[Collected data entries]
+++++
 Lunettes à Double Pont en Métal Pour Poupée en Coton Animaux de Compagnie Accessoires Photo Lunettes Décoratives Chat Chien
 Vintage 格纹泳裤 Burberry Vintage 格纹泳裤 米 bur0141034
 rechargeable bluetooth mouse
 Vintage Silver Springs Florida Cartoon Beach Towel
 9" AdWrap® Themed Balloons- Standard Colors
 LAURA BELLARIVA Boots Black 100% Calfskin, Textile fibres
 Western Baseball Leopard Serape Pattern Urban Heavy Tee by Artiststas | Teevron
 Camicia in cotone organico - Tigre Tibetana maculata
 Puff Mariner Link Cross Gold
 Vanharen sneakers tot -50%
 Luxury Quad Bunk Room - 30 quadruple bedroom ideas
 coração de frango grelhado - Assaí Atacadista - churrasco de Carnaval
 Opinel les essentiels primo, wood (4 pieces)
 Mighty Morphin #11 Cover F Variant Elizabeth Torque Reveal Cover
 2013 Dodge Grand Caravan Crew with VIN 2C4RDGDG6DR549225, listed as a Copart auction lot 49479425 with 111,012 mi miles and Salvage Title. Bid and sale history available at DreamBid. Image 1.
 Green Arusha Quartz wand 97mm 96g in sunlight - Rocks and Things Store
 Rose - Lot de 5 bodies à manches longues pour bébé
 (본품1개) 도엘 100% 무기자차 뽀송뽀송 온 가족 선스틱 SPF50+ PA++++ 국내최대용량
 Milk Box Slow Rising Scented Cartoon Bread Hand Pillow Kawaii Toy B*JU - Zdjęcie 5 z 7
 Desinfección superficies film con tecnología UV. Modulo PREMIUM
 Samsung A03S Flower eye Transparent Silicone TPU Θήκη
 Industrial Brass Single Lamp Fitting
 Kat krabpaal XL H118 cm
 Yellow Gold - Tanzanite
+++++
Problem description → Only the lines from the one containing "coração de frango" to the end of the records should be repeated, exactly as they appear.

Output for this task →
 coração de frango grelhado - Assaí Atacadista - churrasco de Carnaval
 Opinel les essentiels primo, wood (4 pieces)
 Mighty Morphin #11 Cover F Variant Elizabeth Torque Reveal Cover
 2013 Dodge Grand Caravan Crew with VIN 2C4RDGDG6DR549225, listed as a Copart auction lot 49479425 with 111,012 mi miles and Salvage Title. Bid and sale history available at DreamBid. Image 1.
 Green Arusha Quartz wand 97mm 96g in sunlight - Rocks and Things Store
 Rose - Lot de 5 bodies à manches longues pour bébé
 (본품1개) 도엘 100% 무기자차 뽀송뽀송 온 가족 선스틱 SPF50+ PA++++ 국내최대용량
 Milk Box Slow Rising Scented Cartoon Bread Hand Pillow Kawaii Toy B*JU - Zdjęcie 5 z 7
 Desinfección superficies film con tecnología UV. Modulo PREMIUM
 Samsung A03S Flower eye Transparent Silicone TPU Θήκη
 Industrial Brass Single Lamp Fitting
 Kat krabpaal XL H118 cm
 Yellow Gold - Tanzanite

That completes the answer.